Typical preventive measures for hardware failures might include load balancing across several processors and clustering servers, processors or disks so that one can immediately take over from another if it should fail (redundant systems). A typical software measure might be the implementation of more than one independent instance of a software system (for example, an aircraft’s flight control system) in so-called redundant dissimilar systems. Redundant systems are typically a combination of software and hardware measures and may be called duplex, triplex or quadruplex systems, depending on the number of independent instances (two, three or four respectively). The dissimilar aspect for the software is achieved when the same software requirements are provided to two (or more) independent and not connected development teams, with the objective of having the same services provided with different software. This protects the redundant dissimilar systems in that a similar defective input is less likely to have the same result. These measures taken to improve the recoverability of a system may directly influence its reliability as well and should also be considered when performing reliability testing.

Failover testing is designed to explicitly test systems by simulating failure modes or actually causing failures in a controlled environment. Following a failure, the failover mechanism is tested to ensure that data is not lost or corrupted and that any agreed service levels are maintained (e.g., function availability or response times).

Backup and Restore tests focus on the procedural measures set up to minimize the effects of a failure. Such tests evaluate the procedures (usually documented in a manual) for taking different forms of backup and for restoring that data if data loss or corruption should occur. Test cases are designed to ensure that critical paths through each procedure are covered. Technical reviews may be performed to “dry-run” these scenarios and validate the manuals against the actual procedures. Operational Acceptance Tests (OAT) exercise the scenarios in a production or production-like environment to validate their actual use.
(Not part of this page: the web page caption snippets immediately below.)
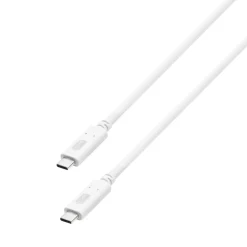 Luxorparts USB-C-kabel - 0,5 m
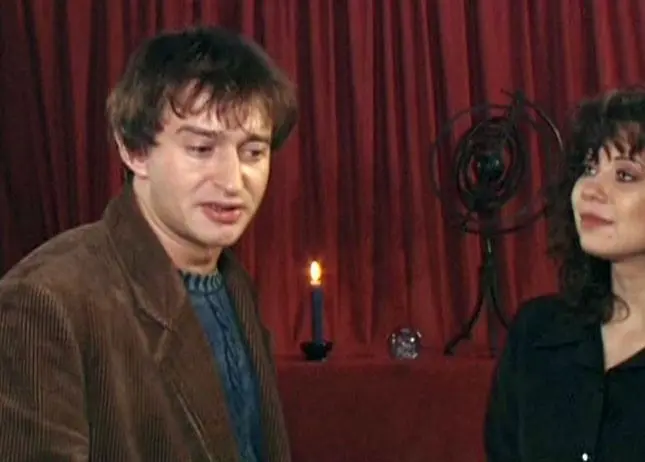 Бухта Филиппа (2005) смотреть онлайн Бухта Филиппа (2005) сериал смотреть онлайн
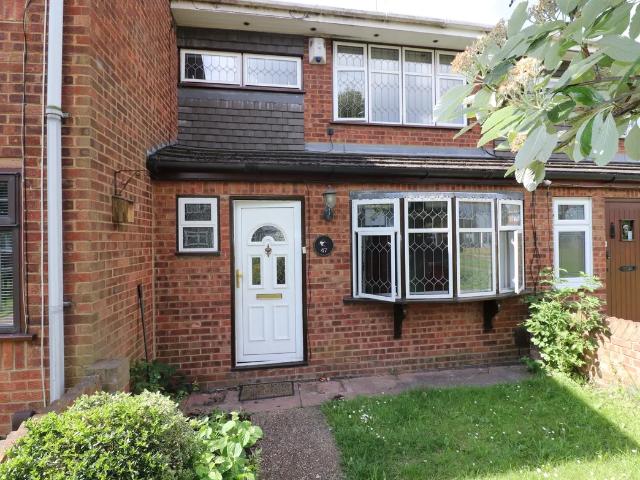 House for rent in South Hornchurch, Greater London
Measures for Backup and Restore tests may include the following:

  • Time taken to perform different types of backup (e.g., full, incremental)
  • Time taken to restore data
  • Levels of guaranteed data backup (e.g., recovery of all data no more than 24 hours old, recovery of specific transaction data no more than one hour old)

Reliability Test Planning

In general the following aspects are of particular relevance when planning reliability tests:
Reliability can continue to be monitored after the software has entered production. The organization and staff responsible for operation of the software must be consulted when gathering reliability requirements for test planning purposes.
The Technical Test Analyst may select a reliability growth model which shows the expected levels of reliability over time. A reliability growth model can provide useful information to the Test Manager by enabling comparison of the expected and achieved reliability levels.

Reliability tests should be conducted in a production-like environment. The environment used should remain as stable as possible to enable reliability trends to be monitored over time. Because reliability tests often require use of the entire system, reliability testing is most commonly done as part of system testing. However, individual components can be subjected to reliability testing as well as integrated sets of components. Detailed architecture, design and code reviews can also be used to remove some of the risk of reliability issues occurring in the implemented system.

In order to produce test results that are statistically significant, reliability tests usually require long execution times. This may make it difficult to schedule within other planned tests.

Reliability Test Specification

Reliability testing may take the form of a repeated set of predetermined tests. These may be tests selected at random from a pool or test cases generated by a statistical model using random or pseudo-random methods. Tests may also be based on patterns of use which are sometimes referred to as “Operational Profiles”.

Certain reliability tests may specify that memory-intensive actions be executed repeatedly so that possible memory leaks can be detected.